Adv Balikpapan Berau Berita Kontrak Bulungan Catatan Daerah Event Film & Drama Gadget Hukum & Kriminal Kaltara Kaltim Kesehatan Lapsus Malinau Nasional Nunukan Olahraga Opini Pemerintahan Pola Hidup Politik Radar Nusantara Selebritis Tana Tidung Tarakan Teknologi Wisata & Kuliner Zodiak

Giram Baru Persulit Jalur Logistik, Harga Sembako dan BBM di Dua Kecamatan di Malinau Diprediksi Naik

Radar Tarakan • Rabu, 2 Juli 2025 | 20:48 WIB
ISTIMEWA DAMPAK: Suasana pembersihan pohon tumbang dan batu-batuan yang membuat giram baru oleh Tim Gabungan dipimpin oleh Bupati Wempi.
ISTIMEWA DAMPAK: Suasana pembersihan pohon tumbang dan batu-batuan yang membuat giram baru oleh Tim Gabungan dipimpin oleh Bupati Wempi.

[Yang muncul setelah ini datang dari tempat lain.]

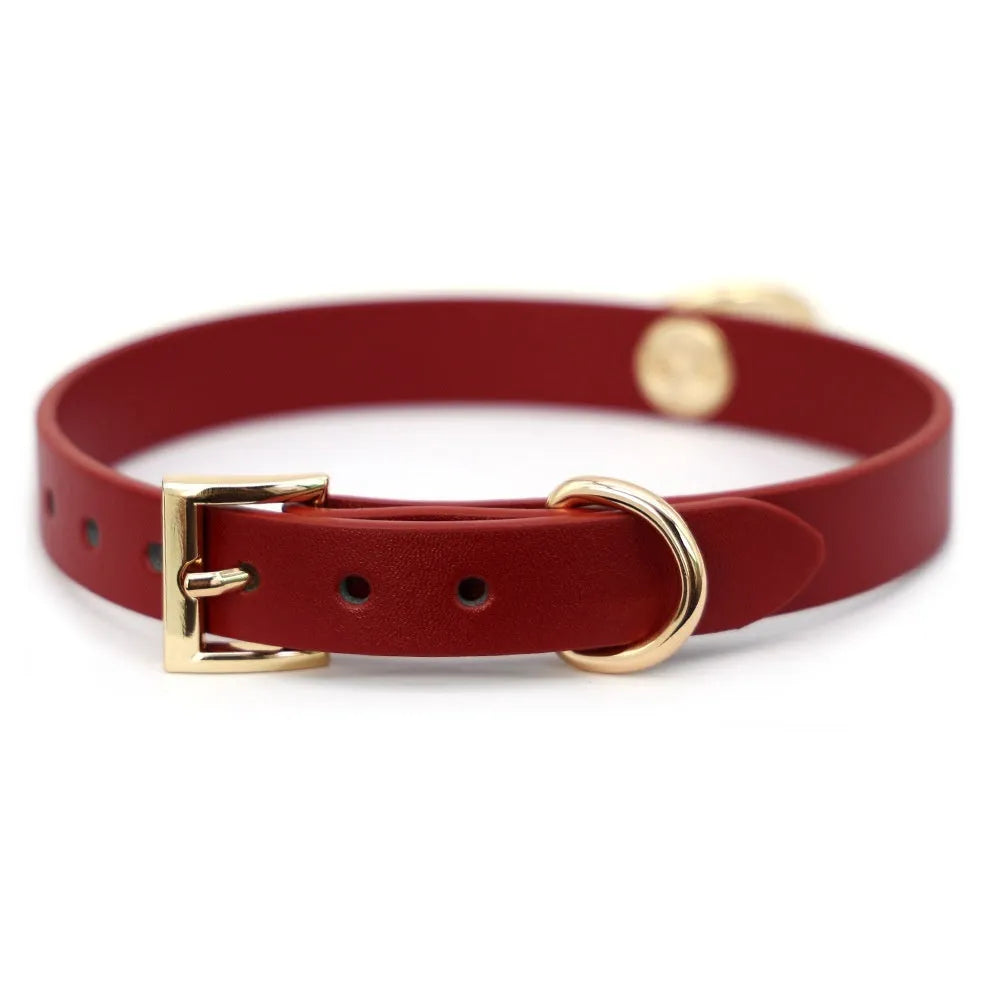 Genuine cowhide leather collar with metal fittings and a connected pull lead on a dark surface.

MALINAU – Dampak bencana longsor di aliran Sungai Bahau yang kini dikenal warga sebagai Giram Baru mulai terasa secara langsung di tengah masyarakat.

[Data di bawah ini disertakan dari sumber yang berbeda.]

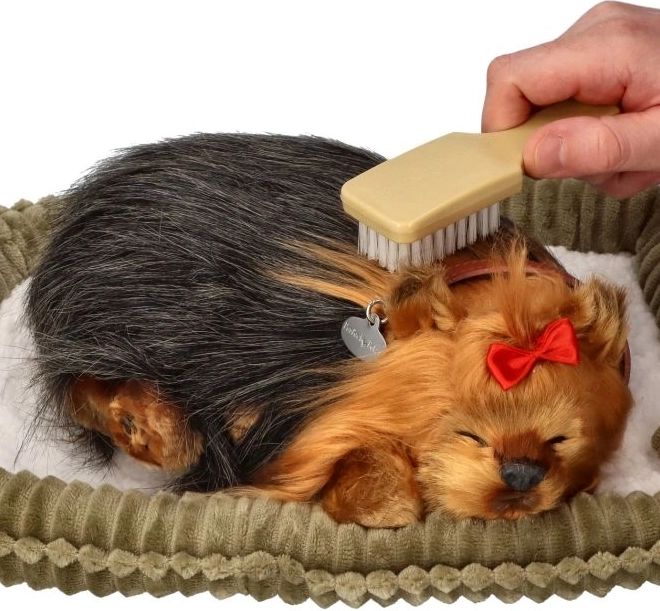 Perfect Petzzz horkoló yorkshire terrier kölyök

Tidak hanya mengisolasi akses 15 desa di dua kecamatan, harga sembako, BBM, dan kebutuhan pokok lainnya diprediksi akan mengalami kenaikan akibat terhambatnya jalur distribusi.

Bupati Malinau, Wempi W. Mawa, mengungkapkan bahwa gangguan transportasi sungai menyebabkan suplai barang ke wilayah pedalaman melambat drastis.

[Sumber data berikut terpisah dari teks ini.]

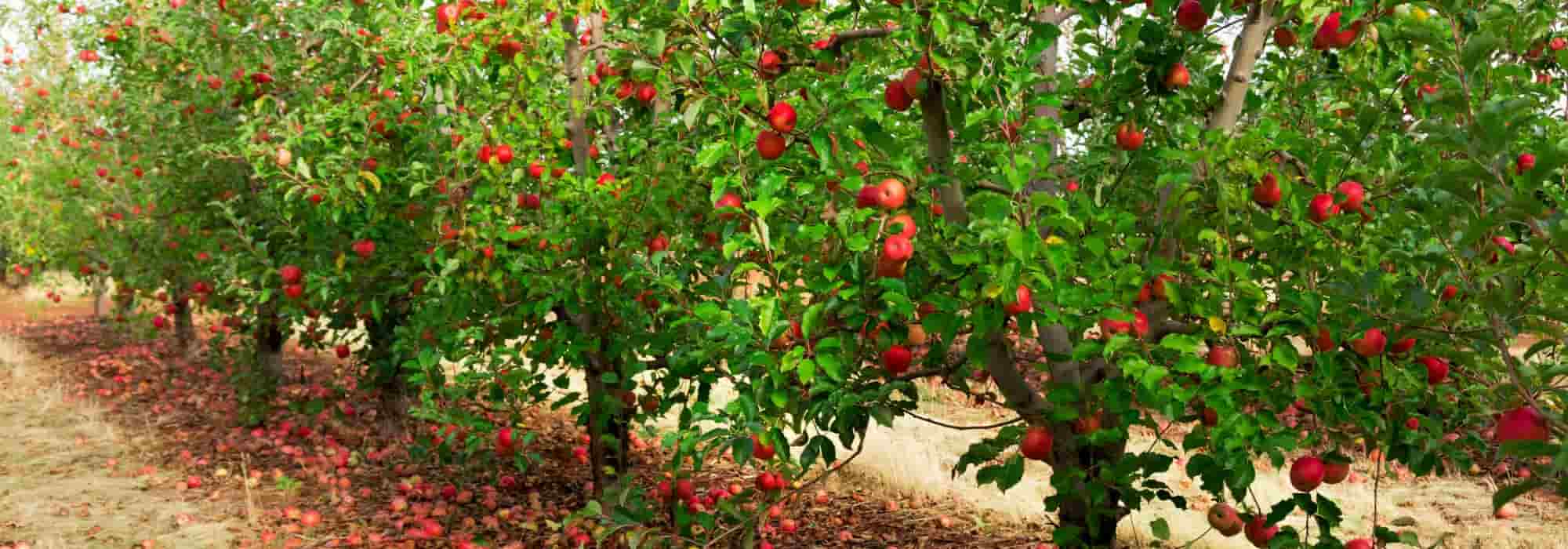 Orchard: what distance should be maintained between two fruit trees?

Longboat sebagai satu-satunya moda angkut utama di wilayah tersebut kini hanya bisa melintas secara terbatas, dan itupun dengan beban serta risiko tinggi.

"Ini pasti berdampak terhadap banyak hal di sana. Kami sudah mendapat laporan akan adanya kenaikan harga material, sembako, hingga BBM," katanya.

Camat Bahau Hulu, Viktor Romawan, memperkuat laporan tersebut. Ia menyebutkan bahwa saat ini berkurangnya aktivitas longboat dari wilayah Bahau Hulu menuju pusat distribusi di Tanjung Selor.

Hal ini sangat mengkhawatirkan, mengingat jalur sungai adalah satu-satunya akses logistik ke desa-desa di wilayah itu.

"Akan ada kenaikan harga barang dan ini sangat potensial untuk terus naik. Karena saat ini longboat dari Bahau Hulu tidak ada aktivitas ke Tanjung Selor," ujarnya.

Kelangkaan barang pokok dan BBM dikhawatirkan akan terjadi dalam waktu dekat.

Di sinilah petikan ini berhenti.